The other signs of firm opposition are his plans to set up two task forces. One will mirror the Government’s task force to look at ways of fulfilling John Major’s promise to increase provision for four-year-olds, except that it will have a wider brief to draw together what needs to be done for the under-fives.

Mr Blunkett has already asked Margaret Hodge, the former leader of Islington council, to convene the group, and it will draw on members of the health team and people from outside Parliament.

The second group will be on youth policy, an issue close to Mr Blunkett’s heart. He feels strongly that more has to be provided for the 750,000 young people aged between 16 and 24 who are without a job or a place on a training scheme. He is particularly pleased that the Commission on Social Justice took up his ideas on citizens’ service.

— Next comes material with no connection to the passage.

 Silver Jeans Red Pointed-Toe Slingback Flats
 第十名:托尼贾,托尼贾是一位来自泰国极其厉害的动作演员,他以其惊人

Such activity is not intended to distract from the imperative to shift the emphasis of Labour’s policy closer to the concerns of parents. Mr Blunkett knows he will be pressed on whether Labour intends to scrap school league tables based on exam results and truancy rates. It is unlikely a Labour government would remove existing sources of information; the intention is to add to its usefulness with measures of school effectiveness.

The new focus will include examining the role of the Office for Standards in Education. The regular inspection of schools would continue under a Labour government, but Mr Blunkett wants to look at ways of doing more than identifying the weaknesses of schools.

It would be almost unseemly for the newly-arrived Mr Blunkett to declare that the existing policy, set out in his party’s “white paper”, is due to undergo a substantial re-write. He prefers to see his role as developing policy in the run-up to a general election that is roughly two years away.

He is determined not to be wrong-footed - which means the paper on further and higher education will not see the light of day until Mr Blunkett is confident it won’t meet the fate of the first draft (scrapped days before it was due to be launched).

Although he eschews comparison with his predecessor, Ann Taylor, who was considered to be on the side of the producers, rather than the consumers, he is aware that local authorities are looking to Labour to restore their fortunes after years of struggling to survive in a hostile climate.

Unsurprisingly, Mr Blunkett is opposed to the Conservative reforms that have encouraged a market approach to education. What he wants to see is local authorities coming up with fresh ideas about the way they deal with schools - even to the extent of ways of encouraging GM schools to want to belong to the wider education community. His own experience at a residential school for the blind was that it suffered from its isolation from the mainstream. “I want to understand why these schools want to be independent. It can’t be the case that heads do not need any outside contact,” he says.

A Labour government might not be above using the kind of tactics that attracted some schools to becoming grant-maintained - the belief that capital grant would be available. Schools that took advantage of the chance to work collaboratively with the Government might gain entitlement.

Elections are not won or lost on education policy. Even so, Mr Blunkett is confident it matters in terms of how the electorate views the parties. He wants parents to see Labour as the party concerned about standards in schools. His own sons need no convincing. They are apparently appalled at the appointment, knowing full well that their father is keen on homework, discipline and decent spelling.